Immediately I called up the Home Secretary, Jiya Lal Arya, at Patna and briefed him about what I had learnt from Sitamarhi. I requested him to keep the Chief Minister and Chief Secretary suitably posted with the developments. I also told him that I was at once rushing to Sitamarhi, some 65-70 kms off Muzaffarpur, my headquarters. In 20-25 minutes, myself and the Regional Inspector General of Police, Muzaffarpur, Shivaji Mohan Caire, were on our way to Sitamarhi. The Deputy Inspector General of Police, Muzaffarpur Range, Vishnu Dayal Ram, my batchmate in the IPS, was requested to mobilise the police force from various districts under Tirhut, besides neighbouring Saran and Darbhanga Divisions for rushing to Sitamarhi.
Entering the town from the Dumrao end, we saw the roads deserted; shops and bazars had downed the shutters in Sitamarirhi. We started shouting at the top of our voice from inside our car that curfew had been imposed. We urged the people to remain indoors. Actually curfew was not clamped till then. But the townfolk were quick to repond positively to the announcement and went inside their homes.
We drove to Mesaul Chawk, Murgia Chawk, Ram-Janki Mandir area, Bazar Samiti, and various other places making similar announce-ment about the imposition of curfew. Motor tyres were being burnt on roads even very close to a petrol pump station which fortunately did not catch fire. More police force was mobilised, patrolling and the collection of intelligence intensified. Searches, arrests and/or detentions of communal elements were widened. Rumour-mongering was scoffed off. Vehicles carrying passengers were subjected to checking to apprehend anti-social elements and mischief-mongers.
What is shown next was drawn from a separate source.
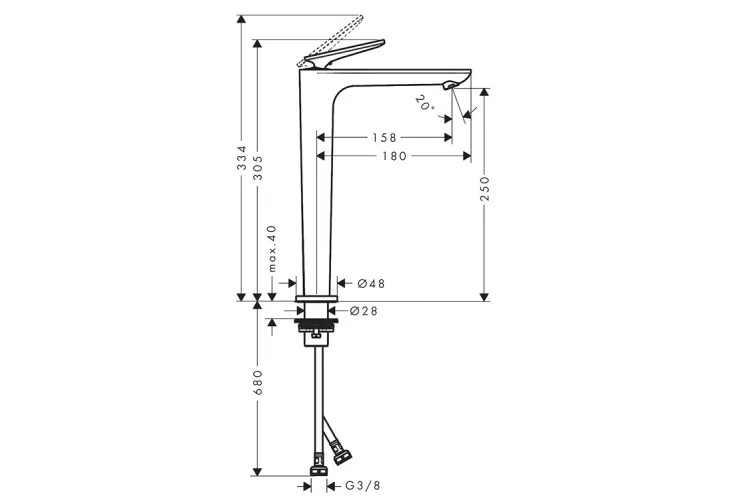 Змішувач Axor Citterio C 250 CoolStart для умивальника, Brushed Red Gold (49050310) image 2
Whatever information percolated to us was pursued and acted upon with promptitude for defusing the tension. We went up to Riga, a small town, known for an excellent sugar mill. The adjoining Imlia Chawk, Ashogi etc. had suffered communal outrages. Within an hour-and-a-half of our arrival in Sitamarhi, we saw a helicopter in the sky hovering over the town. Bihar Chief Minister Laloo Prasad had headed to the scene of communal violence. After hovering for an ariel survey for sometime, the Chief Minister landed at the Dumrao High School ground. He wanted us to meet him immediately. We sent word to him saying that we would return after having taken a stock of the situation.
After about three hours or so, myself and Caire reached the Circuit House to meet the Chief Minister. His first question to us was, “When did you come to Sitamarhi?”
“Over three hours ago,” we informed him.
The reply and information seemed to calm him down. We gave him an overview of the action taken by us and the situation as we saw after our hurried tour of the places of voilence. He camped and was available at the Circuit House. The CM told us that we were free to take action as the situation warranted.
By the evening additional police force started arriving at Sitamarhi from various districts. They were fanned out in different directions and deployed at various sensitive locations including vital installations like power stations, places of worship/prayer, telephone exchanges, railway tracks etc. In the evening, the Chief Minister wanted to visit some of the disturbed areas. We took him to a few areas in the town. He also went to Riga, Ashogi, Imlia Patti etc. A mukhia of a panchayat under the Riga thana had given shelter in his spacious building to a large number of people who had fled their homes.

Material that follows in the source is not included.